Once dyes are accurately separated, splitting the tissue into individual cells is essential for conducting single-cell analyses. The protocol described here uses user-defined machine learning (Figure 4) to separate cells even when they are closely compacted together, as shown in the lymph nodes shown in Figure 6.

Figure 5
Figure 5: Evaluating whether a gate has been adjusted correctly. Representative CD138 staining (colored in cyan) in a lymph node is shown, and three separate gates (the dot plot to the left) were made to identify CD138+ cells in the tissue. An overly conservative estimate of CD138+ cells is shown as the blue gate and mapped to the tissue in blue. A balanced estimate of CD138+ cells is shown as the green gate and mapped to the tissue in green. An overly permissive estimate of CD138+ cells is shown as the red gate and mapped to the tissue in red. The yellow circle identifies an area where CD138+ cells are not being identified by the overly conservative gate, and the magenta circle identifies an area with no CD138+ cells, which is claimed to contain CD138+ cells by the overly permissive gate. Scale bars: 30 µm. Please click here to view a larger version of this figure.
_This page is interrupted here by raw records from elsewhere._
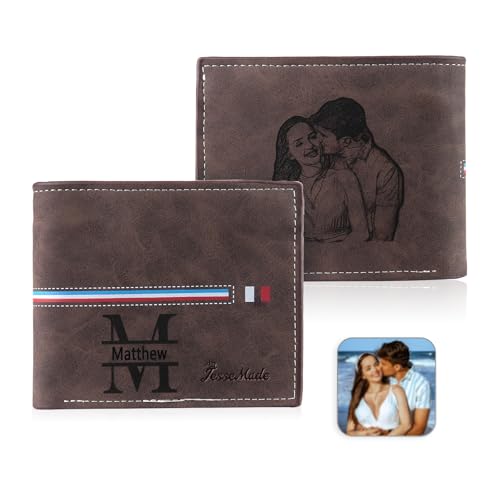 ALBERTBAND Geldbörsen für Herren Personalisierte Brieftasche mit Namen und Foto Vatertag Geburtstag Jahrestag Geschenk Opa Papa Sohn Ehemann Geldbörsen (E) von ALBERTBAND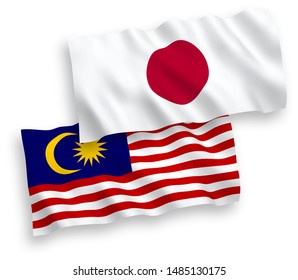 National vector fabric wave flags of Japan and Malaysia isolated on white background. 1 to 2 proportion.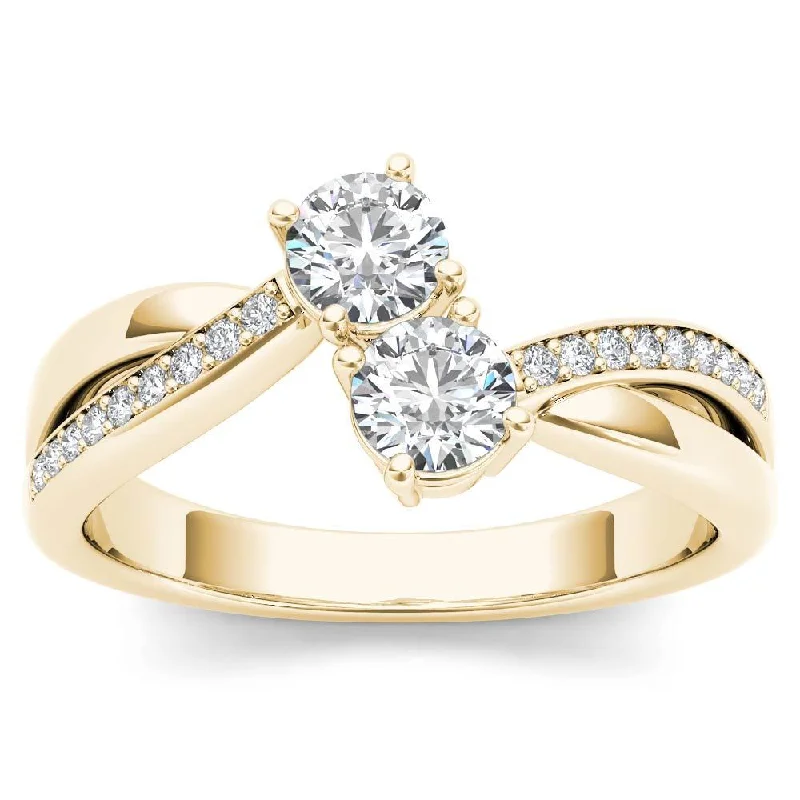 De Couer 10k Yellow Gold 1/2ct TDW Diamond Two-Stone Ring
Care should be taken when determining the precise positions of gates in the flow cytometry analysis (shown in Figure 5) to ensure that these gates are not overestimating or underestimating the abundance of cells. This should be determined by mapping the cells back onto the tissue, as in Figure 5, to see if the cells that do express your markers of interest are being captured in the analysis. If too many cells are being selected (for example, cells that do not express CD138 are being selected as being CD138+), then the gates should be shifted to be less permissive, and if too few cells are being selected, then the gates should be made more permissive. Gates should be optimized for selectivity such that the upstream gates are optimized first, then each subsequent gate in the chain is optimized next. In the end, effective optimization of a gating strategy should be capable of resolving cell subsets of interest (Figure 6 and Figure 7).

Figure 6
Figure 6: Flow cytometry-based identification of cells in tissue sections. (A) Fluorescent values exported from single cells from Software 3 in lymph node sections were analyzed in Software 4 to identify the stated cell populations based on the shown gating strategy. (B) Populations identified in Software 4 were mapped back onto the same tissue section, and surfaces were generated for each population. The CD45 stain is not shown. Scale bar: 30 µm. This figure is adapted from Jain et al.18. Please click here to view a larger version of this figure.

Figure 7
Figure 7: Breakdown of individual stains and populations in mouse lymph nodes. Individual stains for immune cell markers are shown in the top panels, and their associated gated population identified in Figure 6A is shown below each single stain. Scale bar: 30 µm, shown in the top left panel. This figure is adapted from Jain et al.18. Please click here to view a larger version of this figure.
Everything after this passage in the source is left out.